I need something MUCH bigger, much faster, and desktop based for comfort and screen size, and was going to go with either the most maxed out 20" or possibly, if I can get my head round the stupid amount of screen, the 24" iMac.

But now I've been thinking - if my career in the future goes where I want it, I may need to expand. A couple of other photogs I know, some of whom I think are just flashy gits, have 3GHz Mac Pro machines. I looked at the cost of them today - <i>well</i> over two grand (UK money) for one of those plus screen and decent RAM and large hard drive etc.

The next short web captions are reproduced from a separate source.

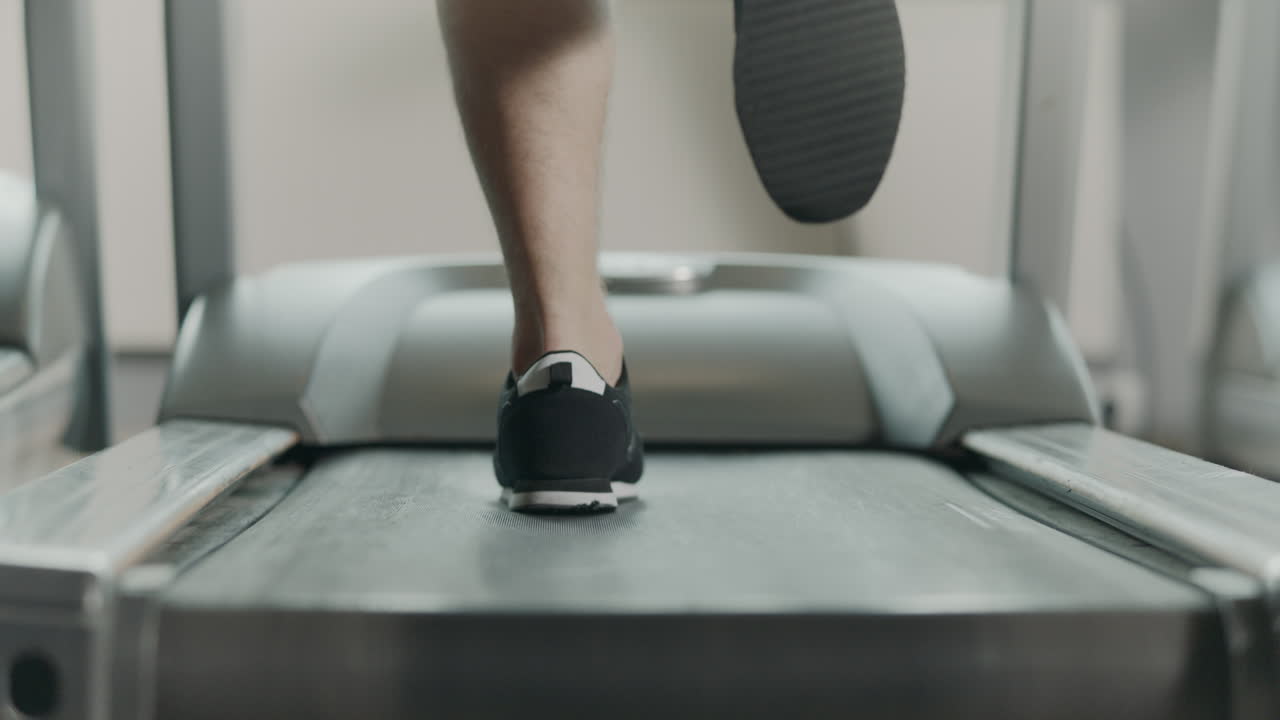 Closeup athletic feet running on treadmill in fitness gym.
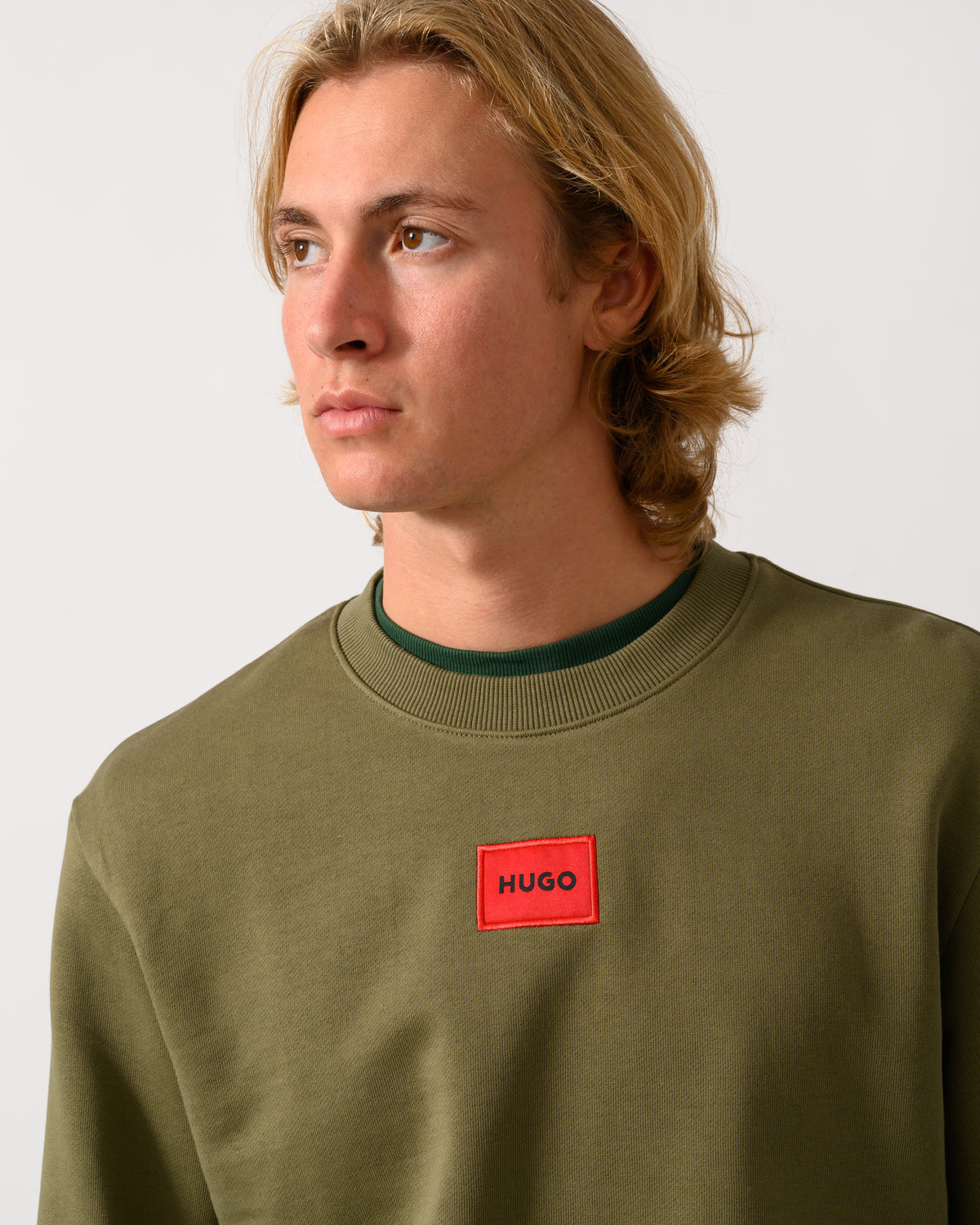 close up of a model wearing a HUGO Diragol212 Label Logo Mens Sweatshirt in Open Green 389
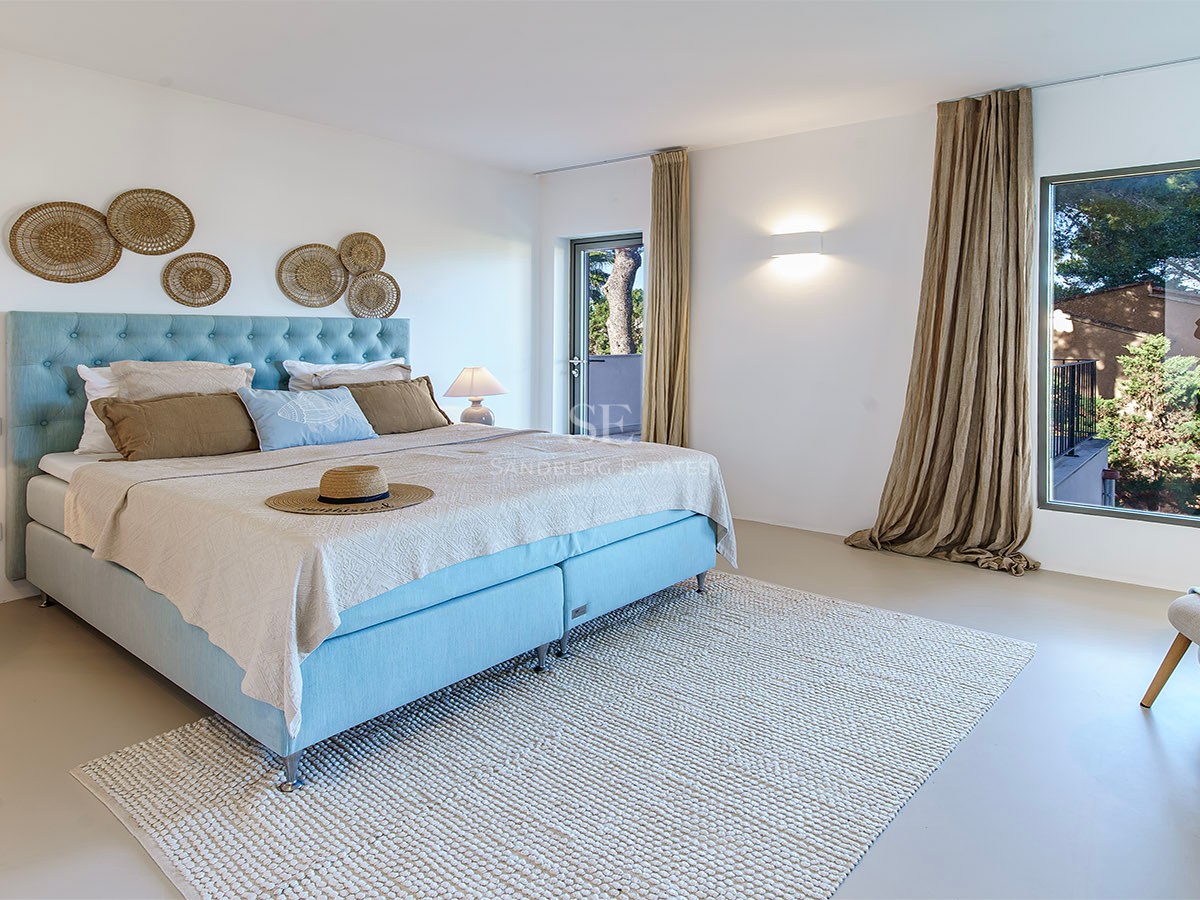 Habitación luminosa con cama azul claro, alfombra de lana y gran ventanal con vistas a árboles verdes.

On the other hand, the current 24" iMac would be about £1700. Seeing as I've been doing mostly okay on my Powerbook lately, but that I really need the power boost to run Nikon Capture NX and the hard drive space for my catalogue of originals and processed shots, and that my career is only just starting at the moment and mostly freebies to get my name around, I should probably just stick with whatever the highest spec new iMac is, shouldn't I?


Right?


----------



## mdnky (Jul 27, 2007)

Either option would be a good choice.  I think right now I'd have to recommend the iMac as the speed you'll get compared to what you have will be surprising.  The cost to benefit ration is pretty good with them.  

That recommendation of course depends on when you'd need to expand your system if your career goes the way you want.  If you think this is going to happen relatively quickly (within 6 months), then bite the bullet and buy the Mac Pro.  If it's going to be longer than that, then buying the iMac is probably a better solution.  You can always sell the iMac at a later date and purchase a Mac Pro then (with even better specs than now).

Personally I wouldn't not own a laptop anymore.  Anything of real large size (files) can be stored on an external, or multiple externals (one stationary, one portable, etc.).  The processing power of these MacBook Pros is pretty darn good too.  I went from the last G4 based Powerbook (1.67gHz, 2GB DDR2) to the MBPro 2.33gHz Core2Duo with 2GB.  Huge difference in speed.  Not so much in Photoshop as I haven't upgraded to CS3 yet, but even then it runs just fine under Rosetta (near the speed of my G4).  

I'd love to have a Mac Pro sitting around, but for the cost difference compared to the benefit I can't justify it.


----------



## owen-b (Jul 28, 2007)

Cool, that's pretty much my thinking too.

I'll be keeping my Powerbook because once the desktop is in place I will dump all my media onto it, freeing up buckets of space on the Powerbook and essentially increasing its speed quite a lot (literally 4 gigs of space left on it now!). I can then take it around the house, or to jobs where I need to do some downloading or tinkering in quiet moments, or on trips with me.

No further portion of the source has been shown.